Dies erwartet einen in der Vorlage für den Film jedoch nicht. Im Gegenteil, Jack London scheut sich nicht zu zeigen, dass Wölfe nicht nur flauschiges Fell und einen starken Familiensinn haben. Sie sind nicht die süßen Tiere, die man zähmen und knuddeln möchte, sondern wilde Raubtiere, die von Natur aus töten. Genauso wie der Wolf hat die Natur auch ihre unschönen Seiten und Tücken, in denen streng selektiert wird, wer frisst oder gefressen wird. Doch so düster sich das anhört, so abenteuerlich ist zugleich Wolfsbluts Geschichte. Seine Sicht auf die Welt und wie er lernt zwischen ,,gut'' und ,,schlecht'' zu unterscheiden, vollkommen geleitet von seinen Instinkten und Impulsen wie Sättigung oder Schmerz, ist wahnsinnig realistisch und gibt einem das Gefühl, wirklich die Lernprozesse eines Tieres mitzuerleben.

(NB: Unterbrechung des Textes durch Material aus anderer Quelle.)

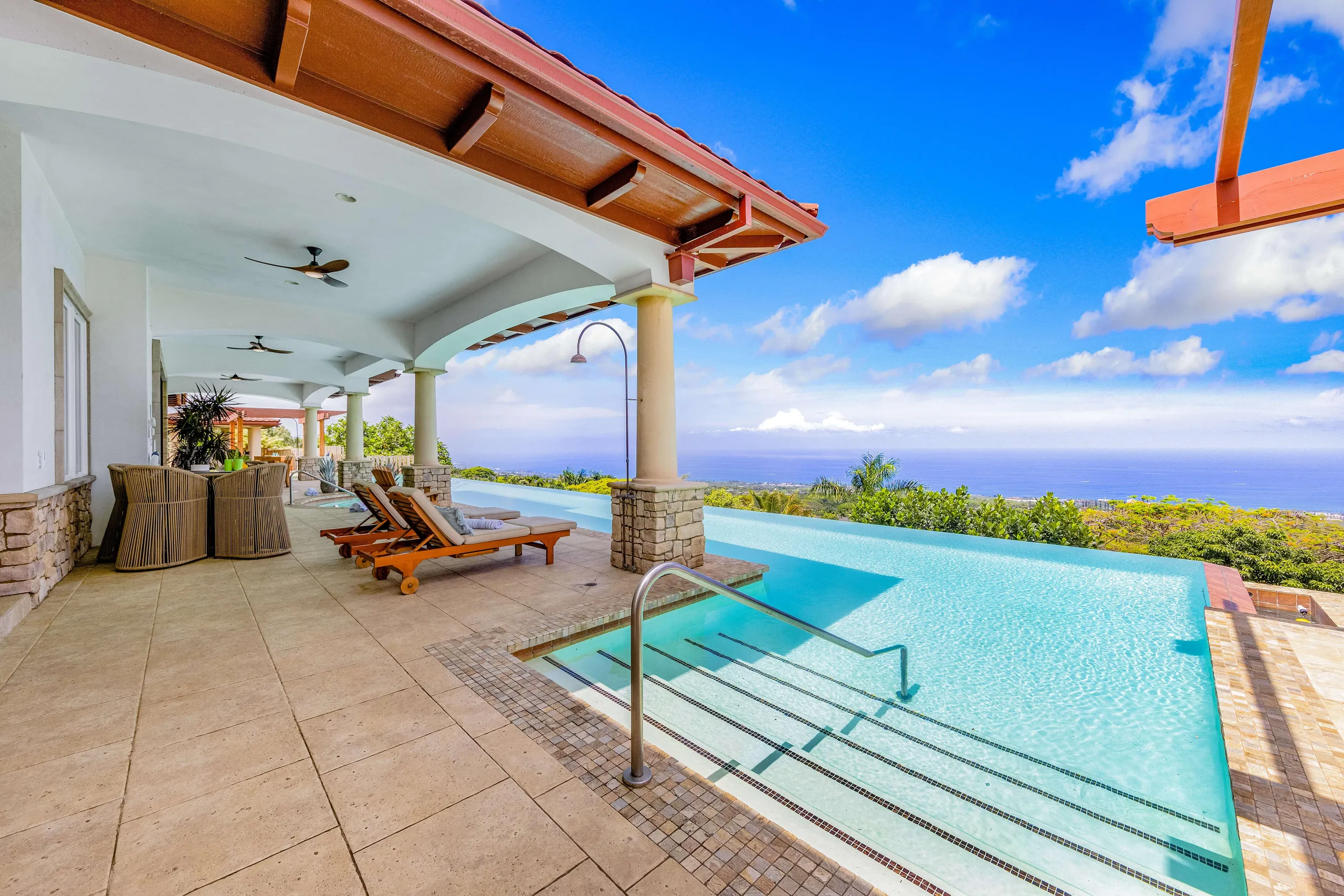 Hawaii Hideaway Estate with Infinity Pool and Panoramic Ocean Views — photograph 2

Er wird immer stärker und cleverer und weiß, wie er die Umwelt zu seinem Vorteil nutzen kann, obwohl er noch Tage zuvor überwältigt ist von der Reizüberflutung, die ihn erwartet, nachdem er zum ersten Mal seine Höhle verlässt. Wenn man sich allgemein für die Entwicklung von Lebewesen interessiert, wird man Wolfsbluts erste Wochen in der Wildnis als höchst spannend empfinden, obwohl nichts geschieht, was man sich nicht inmitten wilder Tiere erwarten würde.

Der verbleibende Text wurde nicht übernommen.